Mittwoch, 14. November 2018 - 18:30 bis 20:00
Ort: 
Altes Hauptgebäude Hochschulstraße 1, 64289 Darmstadt Raum- und Gebäudenummer:S1|03/ 221

Die soziologische Armutsforschung unterscheidet die materielle von der im­materiellen Armut. Zur materiellen Armut gehören die Armut in den Berei­chen des Einkommens und Vermögens, daraus abgeleitet die defizitäre Ver­sorgung mit Wohnung, Nahrungsmitteln, öffentlichen Dienstleistungen und medizinischen Leistungen. Zur immateriellen Armut gehören die Armut in den Bereichen der Teilhabe am öffentlichen und kulturellen Leben, Kommu­nikation, seelische Verfassung, Bildung.

Die klassische Politische Ökonomie und Gesellschaftstheorie hat zahllose Werke hinterlassen über den „Reichtum der Gesellschaften, in welchen kapi­talistische Produktionsweise herrscht“ (Marx).

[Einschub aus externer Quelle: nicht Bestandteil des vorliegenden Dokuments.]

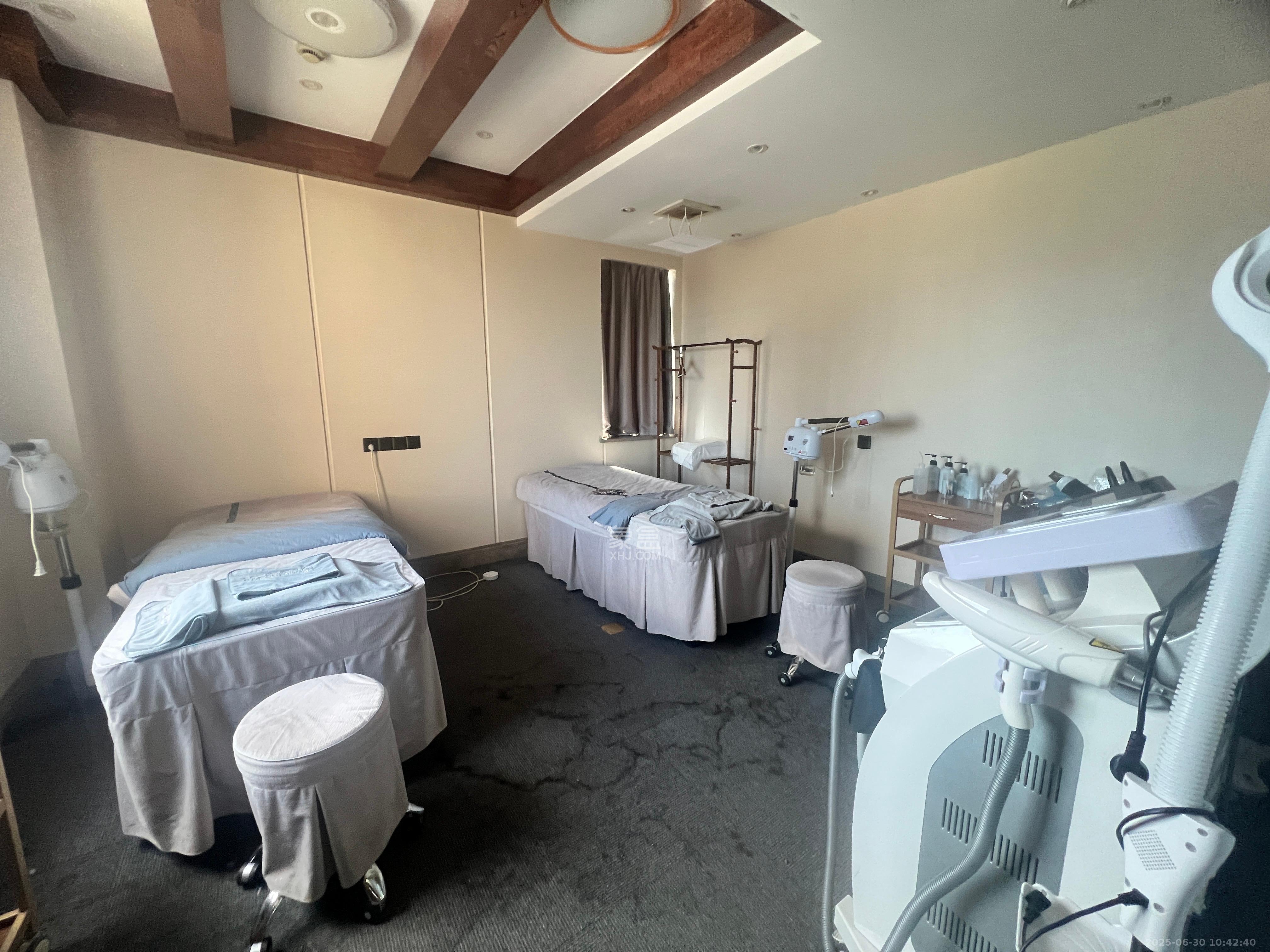 长房中庭国际(东郡华蓉广场) 1室1厅1卫 9000.0元/月 长房中庭国际(东郡华蓉广场) 1室1厅1卫 9000.0元/月室内图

Anfangs wurde versucht, den Reichtum durch ein Wertmaß zu messen (von Petty bis Ricardo), bis Marx diesen Wert als ein bewusstloses gesellschaftliches Verhältnis aufklärte. Die Fachwissenschaft vom logos der societas setzt diese Verhältnisse unreflek­tiert ,stützt ihre Reichtums- und Armutsforschung deshalb auf eine willkür­liche, konventionelle Definition und misst, was sie explizit nicht begreift.

Im Bereich der Bildungsforschung wird somit als Bildung das herrschende, konformistische Verständnis von Wissen vorausgesetzt, so daß dieses meß­bar wird. Dieses Wissen schließt a priori eines aus: das Wissen von der Ge­sellschaft als Ganzer. Dieses Wissen setzt die Wissenden als konformistische Charaktere voraus, die unter den herrschenden Verhältnissen nützlich sind, deren Wissen verwertbar ist, Reichtum schafft.

Die Bildung als konformistisches Wissen konformistischer Charaktere ist die vollständige Verkümmerung der Idee von Bildung: der Bildung des Einzel­nen zu einem Subjekt, das sich seiner selbst und seiner Verhältnisse bewusst ist. Bildungs-Armut ist somit darzustellen als Verfall dieser gesellschaftli­chen Utopie von Bildung. Zu zeigen ist, daß die Reduktion von Bildung auf eine Reichtum schaffende Potenz eine Bildungs-Armut erzeugt. Der Irratio­nalismus, in dem diese Armut besteht, entspricht dem Irrationalismus einer neoliberalen Wettbewerbs-Gesellschaft, die den Sozialdarwinismus zum Ordnungs-Prinzip erhebt.

 

Prof.Dr. Gerhard Stapelfeldt lehrte von 1979 bis 2009 am Institut für So­ziologie der Universität Hamburg. Seitdem arbeitet er als freier Schriftsteller in Hamburg.